Don't Be Afraid of the Dark 2011 generally follows the plot of the original tv movie. The principal difference here is in making Sally, the central point-of-view character, into a child (Bailee Madison) whereas in the original Sally was an adult woman (played by Kim Darby) who moved into a house she inherited from her grandmother. Neither she nor her husband had any children. Although such is still present in part here, the original played far more as a story where Kim Darby kept seeing things and hearing voices whispering but everybody around her could not and thought she was going mad. In the original, we only ever saw the goblin creatures (which were much more humanoid there) towards the end, whereas here they make regular appearances throughout. The ending of both films is the same, although the identity of the person who is snatched is different.
The original film was largely a haunted house film grafted onto a supernatural-vs-rationalism is she going mad? plot. The house and range of creatures that we have here is much more elaborate than in the original. The house here comes decked out with a maze of overgrown gardens, fountains filled with exotic fish and mist-covered lakes. It is now a film where the house seems to sit on the borderland with another world as we saw in Guillermo Del Toros Pans Labyrinth or perhaps even more so a less family-friendly version of The Spiderwick Chronicles (2008).

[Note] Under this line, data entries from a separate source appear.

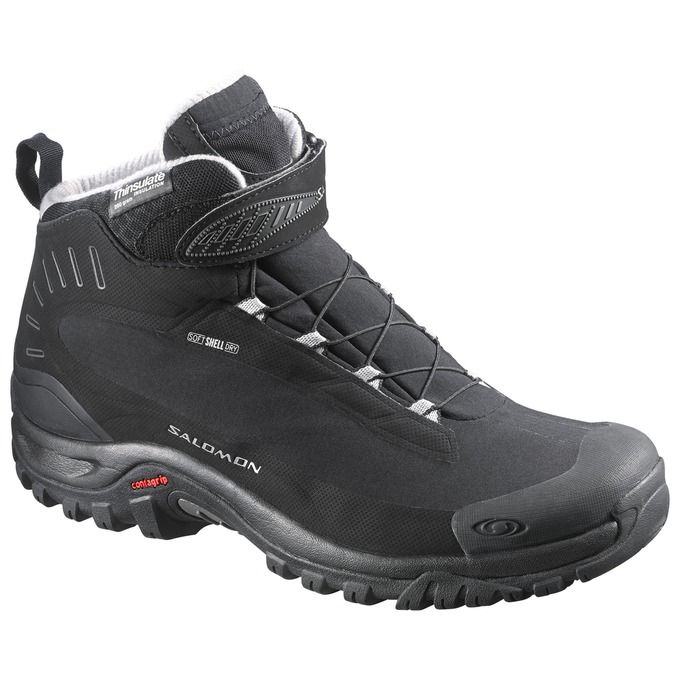 Salomon Israel DEEMAX 3 TS WP W - Mens Winter Boots - Black (EUNV-50476)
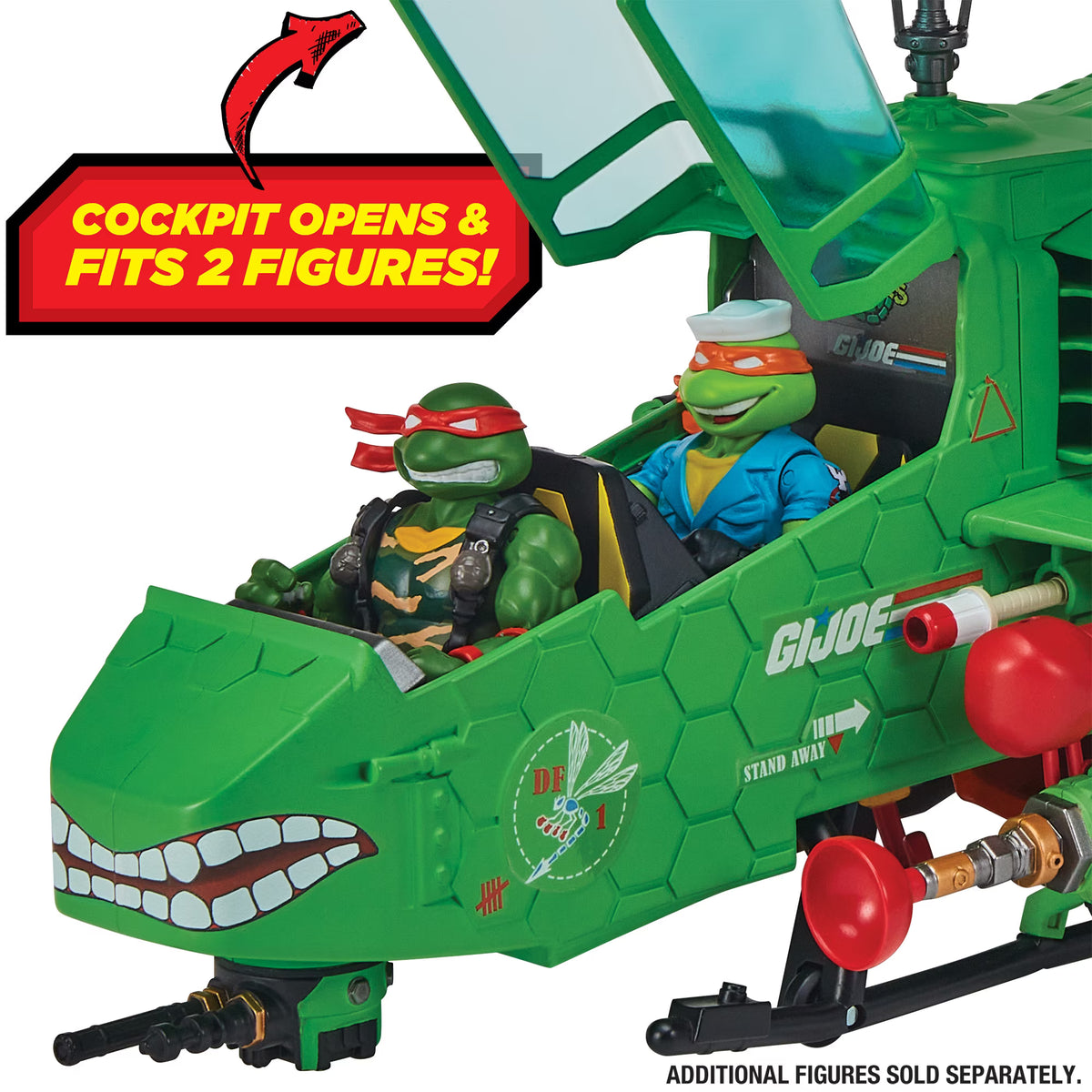Teenage Mutant Ninja Turtles X G.I.JOE Turtle-Fly Copter w/ spinning Katana Blades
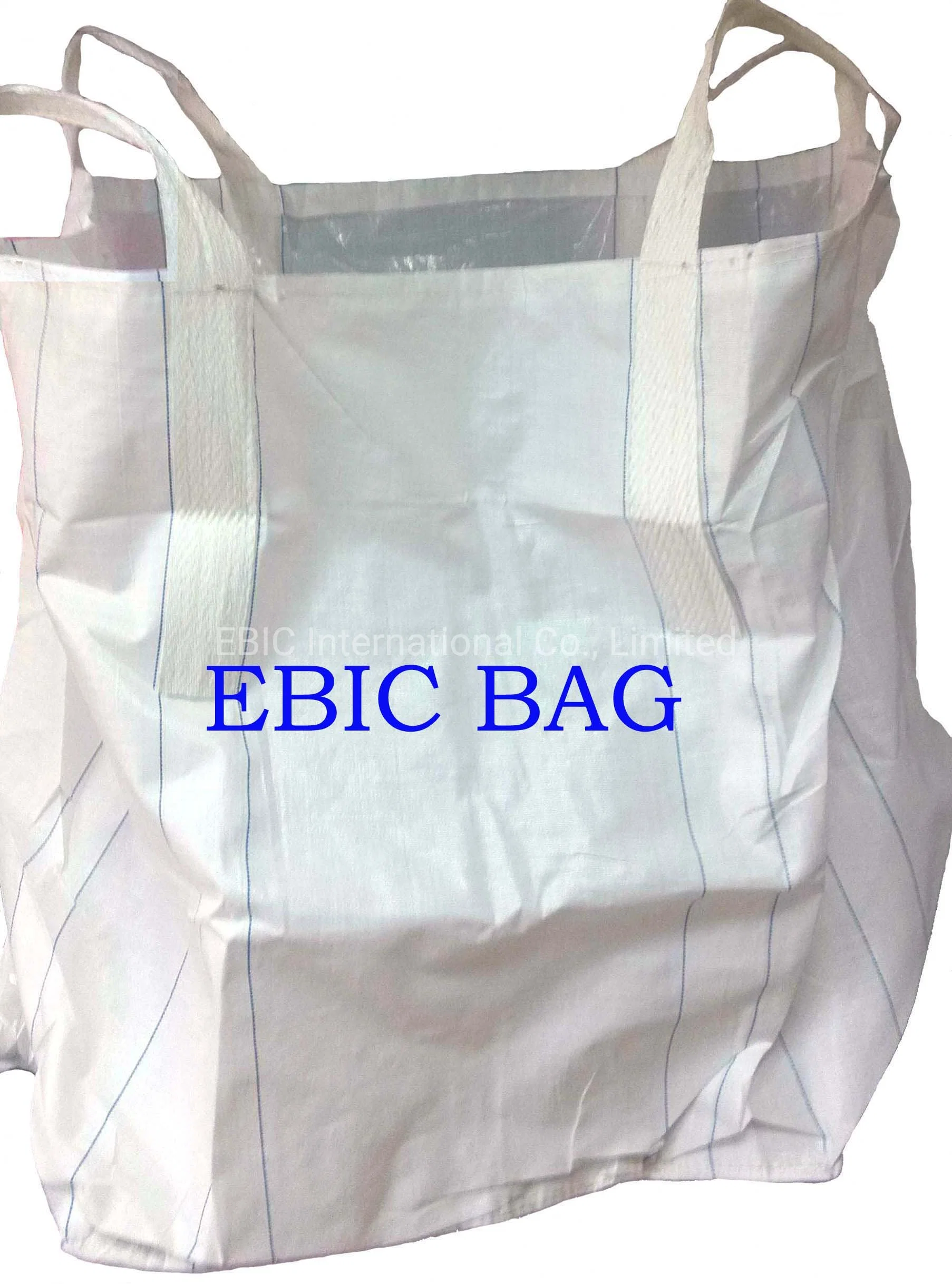 Top Open Fully & Flat Closed Bottom PP Woven Super Sack FIBC Jumbo Bulk Big Bag for Loading Building Material Sand Cement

Don't Be Afraid of the Dark 2011 starts in well with a gut-squirming scene where the houses 19th Century owner Blackwood (Garry McDonald) has a maid (Edwina Ritchard) pinned down in the cellar and we see him chiselling out her teeth as sacrifice to the creatures. This hits in with a nastiness that presages well. Thereafter, Troy Nixey absorbs us in consistent mood and does a good job of constantly suggesting things scuttling through the shadows, creeping up on people, fleeing from the light or about to jab an iron spike through the grille into Guy Pearces ear before he turns away. Nixey gets off at least a couple of good jumps especially one when Bailee Madison goes searching under the blankets of her bed and abruptly shines her light directly into the face of one of the creatures.
On the other hand, what Don't Be Afraid of the Dark 2011 resembles is a well oiled and polished scare show, one that produces a good deal of creepiness and atmosphere, that wheels out all the expected moves perfectly capably, but in the end never pushes the material past a point where it rattles an audience in their seat and leaves them exiting the theatre buzzing. For that, it must come out as falling on the side of accomplished but ever so disappointing.